THE PROBLEM
An exact copy is required of every line from the one with "skirt with sneakers" through the end of the data below, and the pictures must stay out of it.

GIVEN RECORDS START

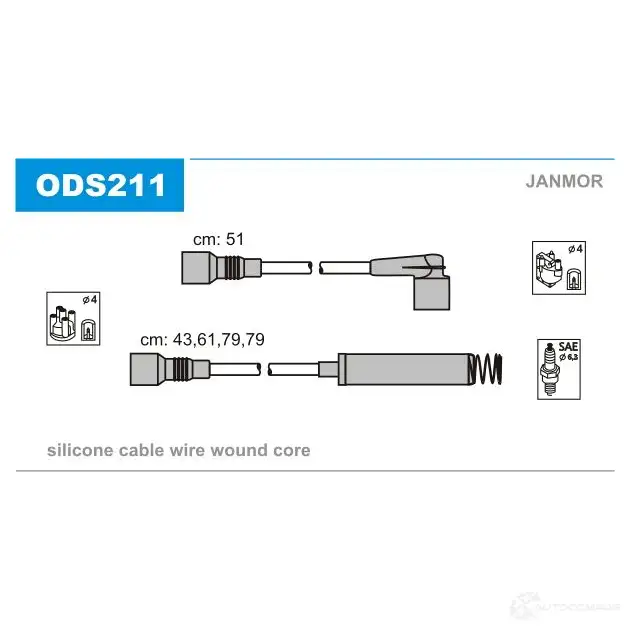 Высоковольтные провода зажигания, комплект JANMOR ods211 5902925015099 606HD RF 2818366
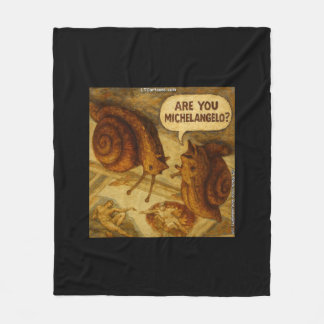 Inquisitive Snail & Michelangelo Parody Cartoon  Fleece Blanket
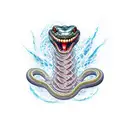 open mouth snake tattoo design idea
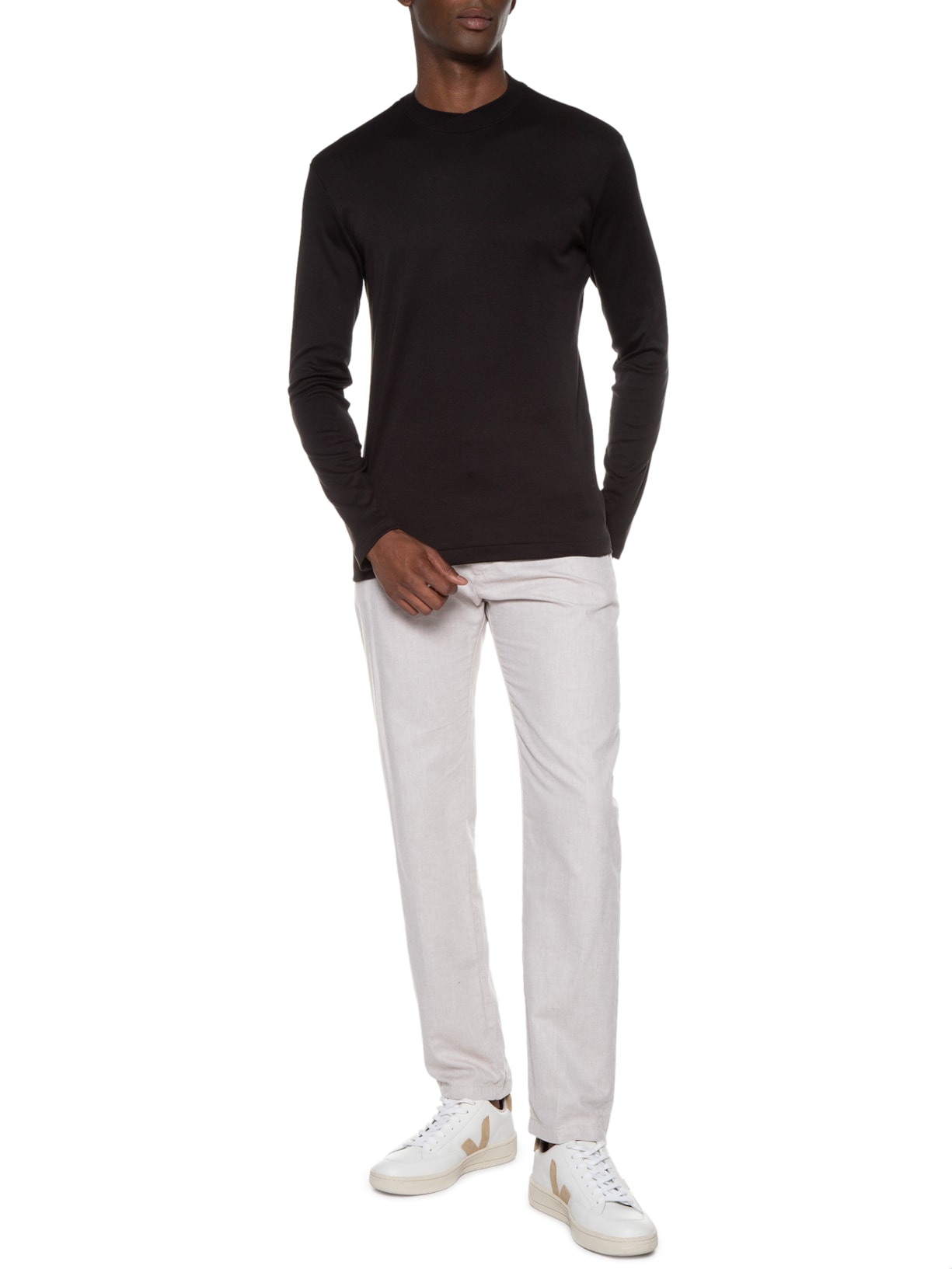 Camiseta Masculina Manga Longa Mpro Gola Transpassada Hd B Preto Ricardo Almeida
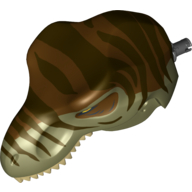 Lego Animal Body Part, Dinosaur, Tyrannosaurus Rex Head with Pin, Tan Teeth, Reddish Brown Top and Dark Brown Stripes Print / Olive Green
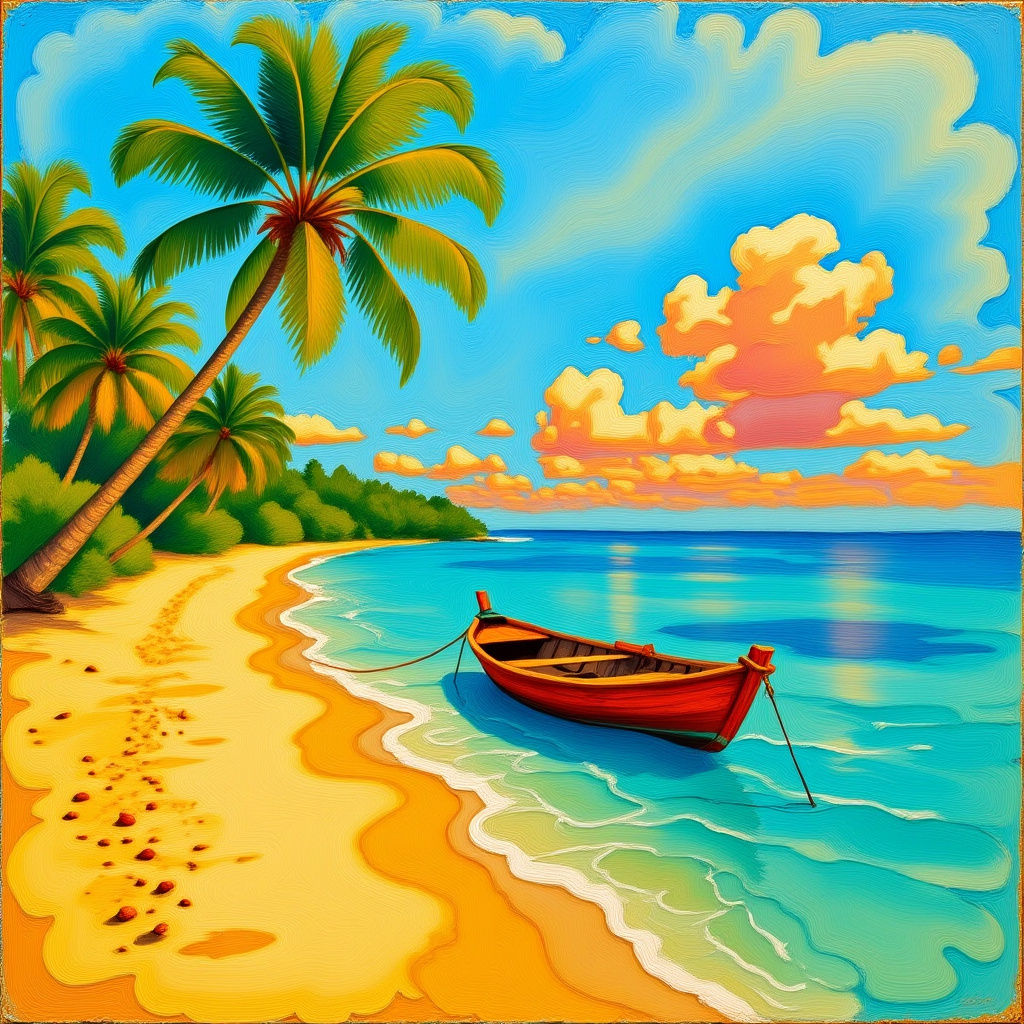 Tropical Beach with Turquoise Water and Boat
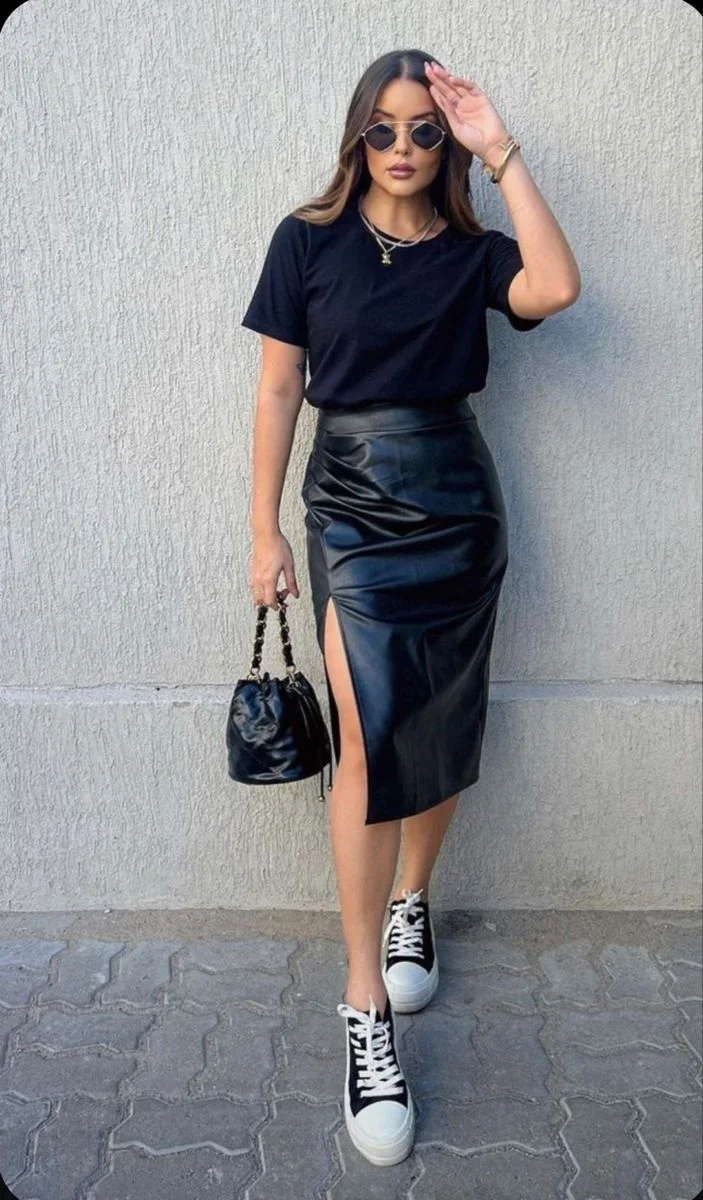 skirt with sneakers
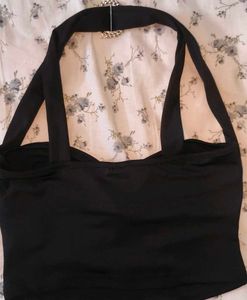 Stylish Black Halter Neck Crop Top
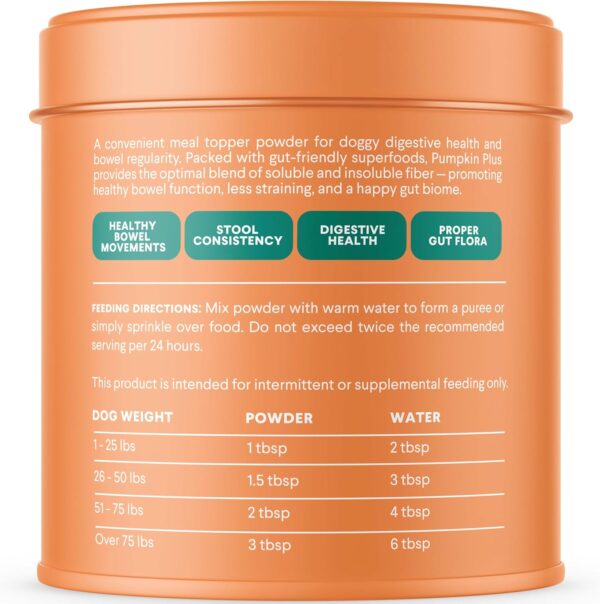 Finn Pumpkin Plus: Fast-Acting Digestive Relief for Loose Stool, Constipation, and Sensitive Stomachs | Superfood Meal Topper Powder for Dogs - Image 4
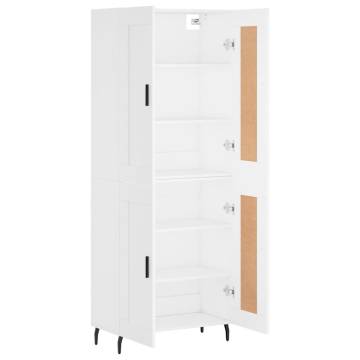 Stylish Highboard White 69.5x34x180 cm - Hipomarket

GIVEN RECORDS END

FINAL ANSWER
 skirt with sneakers
 Stylish Black Halter Neck Crop Top
 Finn Pumpkin Plus: Fast-Acting Digestive Relief for Loose Stool, Constipation, and Sensitive Stomachs | Superfood Meal Topper Powder for Dogs - Image 4
 Stylish Highboard White 69.5x34x180 cm - Hipomarket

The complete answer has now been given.